On her next visit, she looked at me. No evaluation, no trying to figure me out. She just looked and saw me. Then she said simply,” You’re more than the sickness in that body.” I was pretty doped up, so I wasn’t sure I understood her; but my mind was just too thick to ask questions.

I kept mumbling those words to myself throughout the following day, “ I’m more than the sickness in this body. I’m more than the suffering in this body.” I remember her voice clearly. It was rich deep, full, like maple syrup in the spring. I reached out for her hand. It was cool and dry. I knew she wouldn’t let go. She continued, “You’re not the fear in that body. You’re more than that fear. Float on it. Float above it. You’re more than that pain.” I began to breathe a little deeper, as I did when I wanted to float in a lake. I remembered floating in Lake George when I was five, floating in the Atlantic Ocean at Coney island when I was seven, floating in the Indian Ocean off the coast if Africa when I was twenty-eight. Without any instruction from me, this Jamaican guide led me to a source of comfort that was wider and deeper than pain or fear.

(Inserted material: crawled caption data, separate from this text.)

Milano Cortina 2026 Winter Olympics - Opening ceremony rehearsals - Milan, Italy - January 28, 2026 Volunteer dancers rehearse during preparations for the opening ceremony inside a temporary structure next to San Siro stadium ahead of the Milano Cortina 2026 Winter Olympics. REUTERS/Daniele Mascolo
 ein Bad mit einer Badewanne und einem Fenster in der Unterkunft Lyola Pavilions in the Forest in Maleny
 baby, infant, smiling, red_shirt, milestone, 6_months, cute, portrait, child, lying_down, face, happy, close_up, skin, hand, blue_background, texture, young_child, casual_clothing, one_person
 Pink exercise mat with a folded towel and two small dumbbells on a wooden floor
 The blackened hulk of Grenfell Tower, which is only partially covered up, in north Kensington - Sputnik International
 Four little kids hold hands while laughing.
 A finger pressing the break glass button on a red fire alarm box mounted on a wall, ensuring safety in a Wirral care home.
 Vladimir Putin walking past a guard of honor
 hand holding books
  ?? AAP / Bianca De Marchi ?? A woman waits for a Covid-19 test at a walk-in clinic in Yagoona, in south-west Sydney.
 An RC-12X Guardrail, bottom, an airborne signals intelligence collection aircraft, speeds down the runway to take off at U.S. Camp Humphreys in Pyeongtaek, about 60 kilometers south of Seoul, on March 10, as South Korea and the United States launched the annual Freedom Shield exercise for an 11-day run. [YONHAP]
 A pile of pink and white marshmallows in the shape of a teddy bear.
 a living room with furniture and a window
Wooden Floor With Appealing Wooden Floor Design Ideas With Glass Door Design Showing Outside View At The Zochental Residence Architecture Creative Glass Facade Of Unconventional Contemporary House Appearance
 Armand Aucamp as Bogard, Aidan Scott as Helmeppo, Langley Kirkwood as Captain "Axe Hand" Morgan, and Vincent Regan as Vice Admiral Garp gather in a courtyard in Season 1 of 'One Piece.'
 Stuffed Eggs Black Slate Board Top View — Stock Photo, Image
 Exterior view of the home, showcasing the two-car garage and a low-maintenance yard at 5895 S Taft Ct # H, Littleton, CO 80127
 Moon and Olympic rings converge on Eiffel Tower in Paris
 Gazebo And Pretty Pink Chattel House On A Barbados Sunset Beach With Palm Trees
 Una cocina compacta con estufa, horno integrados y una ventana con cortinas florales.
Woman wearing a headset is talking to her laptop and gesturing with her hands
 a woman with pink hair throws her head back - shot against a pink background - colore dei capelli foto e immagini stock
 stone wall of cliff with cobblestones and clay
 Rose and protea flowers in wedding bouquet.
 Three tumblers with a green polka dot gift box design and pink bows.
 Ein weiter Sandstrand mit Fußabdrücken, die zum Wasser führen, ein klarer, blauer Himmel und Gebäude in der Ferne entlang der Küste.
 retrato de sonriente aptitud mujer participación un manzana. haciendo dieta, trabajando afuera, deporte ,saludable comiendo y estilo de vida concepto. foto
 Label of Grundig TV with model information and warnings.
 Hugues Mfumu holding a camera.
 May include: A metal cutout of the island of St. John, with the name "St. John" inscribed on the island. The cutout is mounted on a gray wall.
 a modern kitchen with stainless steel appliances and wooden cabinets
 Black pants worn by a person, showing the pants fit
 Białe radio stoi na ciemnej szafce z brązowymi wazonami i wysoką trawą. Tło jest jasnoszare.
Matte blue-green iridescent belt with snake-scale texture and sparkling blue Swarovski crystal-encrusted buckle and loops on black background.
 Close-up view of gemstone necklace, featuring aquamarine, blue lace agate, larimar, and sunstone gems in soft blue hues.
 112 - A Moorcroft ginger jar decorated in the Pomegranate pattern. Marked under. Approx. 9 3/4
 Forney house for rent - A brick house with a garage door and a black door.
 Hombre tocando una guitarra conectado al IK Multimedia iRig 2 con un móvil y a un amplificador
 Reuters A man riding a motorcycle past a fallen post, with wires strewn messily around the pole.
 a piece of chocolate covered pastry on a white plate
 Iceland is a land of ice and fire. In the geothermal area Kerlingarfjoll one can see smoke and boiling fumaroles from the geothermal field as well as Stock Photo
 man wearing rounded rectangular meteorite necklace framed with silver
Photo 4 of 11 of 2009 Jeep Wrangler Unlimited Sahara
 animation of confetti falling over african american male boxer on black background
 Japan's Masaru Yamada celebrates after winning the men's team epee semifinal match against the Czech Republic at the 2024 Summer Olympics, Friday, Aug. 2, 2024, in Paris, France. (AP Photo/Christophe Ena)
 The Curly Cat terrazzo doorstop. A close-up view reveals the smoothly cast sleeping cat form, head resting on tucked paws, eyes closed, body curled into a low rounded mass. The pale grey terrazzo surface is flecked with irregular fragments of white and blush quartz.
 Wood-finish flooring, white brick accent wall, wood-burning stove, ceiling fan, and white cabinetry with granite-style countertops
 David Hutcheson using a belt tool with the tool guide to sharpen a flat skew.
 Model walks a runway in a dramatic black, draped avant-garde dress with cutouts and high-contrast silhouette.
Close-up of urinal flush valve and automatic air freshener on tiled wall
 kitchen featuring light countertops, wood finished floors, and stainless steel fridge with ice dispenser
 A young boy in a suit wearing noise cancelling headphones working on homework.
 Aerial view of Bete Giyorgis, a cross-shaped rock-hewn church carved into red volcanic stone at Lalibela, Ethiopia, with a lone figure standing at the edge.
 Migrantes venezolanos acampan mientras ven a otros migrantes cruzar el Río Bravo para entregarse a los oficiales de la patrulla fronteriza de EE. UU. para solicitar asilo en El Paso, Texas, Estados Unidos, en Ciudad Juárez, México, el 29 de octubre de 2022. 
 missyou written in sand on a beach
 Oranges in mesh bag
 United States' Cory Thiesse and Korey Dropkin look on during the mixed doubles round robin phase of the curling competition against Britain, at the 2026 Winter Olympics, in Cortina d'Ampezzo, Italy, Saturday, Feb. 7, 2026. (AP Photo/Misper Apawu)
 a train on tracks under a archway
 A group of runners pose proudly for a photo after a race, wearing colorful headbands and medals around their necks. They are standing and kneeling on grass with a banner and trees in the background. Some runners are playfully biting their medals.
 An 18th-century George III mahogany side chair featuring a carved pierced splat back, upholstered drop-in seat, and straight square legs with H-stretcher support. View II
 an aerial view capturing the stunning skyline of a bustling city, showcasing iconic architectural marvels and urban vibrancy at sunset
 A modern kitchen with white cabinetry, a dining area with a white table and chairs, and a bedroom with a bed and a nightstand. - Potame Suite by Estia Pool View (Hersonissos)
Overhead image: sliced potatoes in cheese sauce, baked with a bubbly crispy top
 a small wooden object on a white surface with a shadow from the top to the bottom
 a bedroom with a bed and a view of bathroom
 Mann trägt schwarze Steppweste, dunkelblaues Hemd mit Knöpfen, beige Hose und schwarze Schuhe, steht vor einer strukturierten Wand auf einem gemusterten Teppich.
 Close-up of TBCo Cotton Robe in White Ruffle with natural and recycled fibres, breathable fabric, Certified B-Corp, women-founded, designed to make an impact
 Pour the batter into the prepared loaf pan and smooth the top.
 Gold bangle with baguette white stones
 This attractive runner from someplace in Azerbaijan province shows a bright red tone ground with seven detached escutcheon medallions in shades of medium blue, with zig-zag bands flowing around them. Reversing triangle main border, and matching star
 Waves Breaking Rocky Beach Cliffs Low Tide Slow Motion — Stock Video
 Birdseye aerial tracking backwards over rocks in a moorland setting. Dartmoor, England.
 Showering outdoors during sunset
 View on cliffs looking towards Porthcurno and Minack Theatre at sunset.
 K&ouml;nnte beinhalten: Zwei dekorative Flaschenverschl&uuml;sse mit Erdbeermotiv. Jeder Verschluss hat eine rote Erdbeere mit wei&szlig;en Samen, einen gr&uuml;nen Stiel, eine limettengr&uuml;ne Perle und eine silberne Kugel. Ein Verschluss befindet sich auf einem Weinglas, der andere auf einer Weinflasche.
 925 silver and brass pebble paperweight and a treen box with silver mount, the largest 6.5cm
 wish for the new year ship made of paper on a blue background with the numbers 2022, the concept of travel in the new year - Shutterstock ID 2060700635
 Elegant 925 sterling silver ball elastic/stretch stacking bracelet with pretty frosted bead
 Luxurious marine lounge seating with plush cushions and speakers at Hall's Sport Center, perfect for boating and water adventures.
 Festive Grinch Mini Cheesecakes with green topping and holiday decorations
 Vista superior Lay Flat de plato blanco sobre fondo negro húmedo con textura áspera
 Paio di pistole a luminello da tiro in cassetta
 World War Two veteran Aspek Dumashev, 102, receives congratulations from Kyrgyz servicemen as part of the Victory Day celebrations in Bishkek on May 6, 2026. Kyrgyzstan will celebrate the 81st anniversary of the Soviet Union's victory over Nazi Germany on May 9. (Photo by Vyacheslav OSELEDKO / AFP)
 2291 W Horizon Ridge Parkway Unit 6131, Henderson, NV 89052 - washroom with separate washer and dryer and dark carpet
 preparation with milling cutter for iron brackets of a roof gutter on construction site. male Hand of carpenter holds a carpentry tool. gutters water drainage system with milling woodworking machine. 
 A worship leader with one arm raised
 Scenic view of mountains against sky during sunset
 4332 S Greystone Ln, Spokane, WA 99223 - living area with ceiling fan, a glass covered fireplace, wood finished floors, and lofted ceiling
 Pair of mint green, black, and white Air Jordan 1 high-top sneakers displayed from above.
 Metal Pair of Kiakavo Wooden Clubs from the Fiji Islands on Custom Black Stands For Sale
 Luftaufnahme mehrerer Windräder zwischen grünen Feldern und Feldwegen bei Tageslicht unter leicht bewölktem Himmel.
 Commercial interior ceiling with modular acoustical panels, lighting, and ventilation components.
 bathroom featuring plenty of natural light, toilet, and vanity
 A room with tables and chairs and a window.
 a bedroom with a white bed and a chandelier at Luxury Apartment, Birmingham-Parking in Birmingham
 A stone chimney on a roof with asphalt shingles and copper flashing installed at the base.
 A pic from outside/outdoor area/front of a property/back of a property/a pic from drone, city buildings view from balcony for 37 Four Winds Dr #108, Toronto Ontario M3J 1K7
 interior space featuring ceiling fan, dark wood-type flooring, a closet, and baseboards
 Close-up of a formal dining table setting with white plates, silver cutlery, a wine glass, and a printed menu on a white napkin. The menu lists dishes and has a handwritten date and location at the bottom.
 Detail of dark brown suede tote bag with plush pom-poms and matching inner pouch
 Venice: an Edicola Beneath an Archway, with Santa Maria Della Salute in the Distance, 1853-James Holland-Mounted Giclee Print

It’s been fifteen years since I’ve seen the woman with the broom. I’ve never been able to find her. No one could remember her name; but she touched my soul with her compassionate presence and her fingerprints are there still. 
 

Seeking the Sacred 

How exactly, does one define “spirituality”? In his rich account, The Psychology of Religion and Coping: Theory, Research, Practice, Kenneth Pargament seeks to differentiate religious approaches to critical concerns, matters such as death, tragedy, and inequity, from nonreligious. That distinction becomes clear in his definition of religion: “a process, a search for significance in ways related to the sacred.” Spirituality, for Pargament, is a way of describing the central function of religion—the search for the sacred. In this way, he directly links it to religion, thereby challenging those who define spirituality in individualistic terms, apart from any link to organized religion. Pargament changes that spiritual individualists eliminate the sacred from the definition of spirituality, draining the term of meaning. He asks, “What is it, for example, that makes the values of meaning in life, personal growth, or interconnectedness spiritual unless they are somehow sacrilized? How are practices such as guided imagery or meditation more spiritual than other cognitive and behavioral approaches to change unless they are connected to the sacred? Invoking the label ‘spiritual’ adds luster and legitimacy to any number of values and practices, but the label may ultimately lose meaning and power when it is separated from its sacred core” (fn.1, p. 465). 

Kenneth I. Pargament, the Psychology of Religion and Coping: Theory, Research, Practice (New York: The Guilford Press, 1997).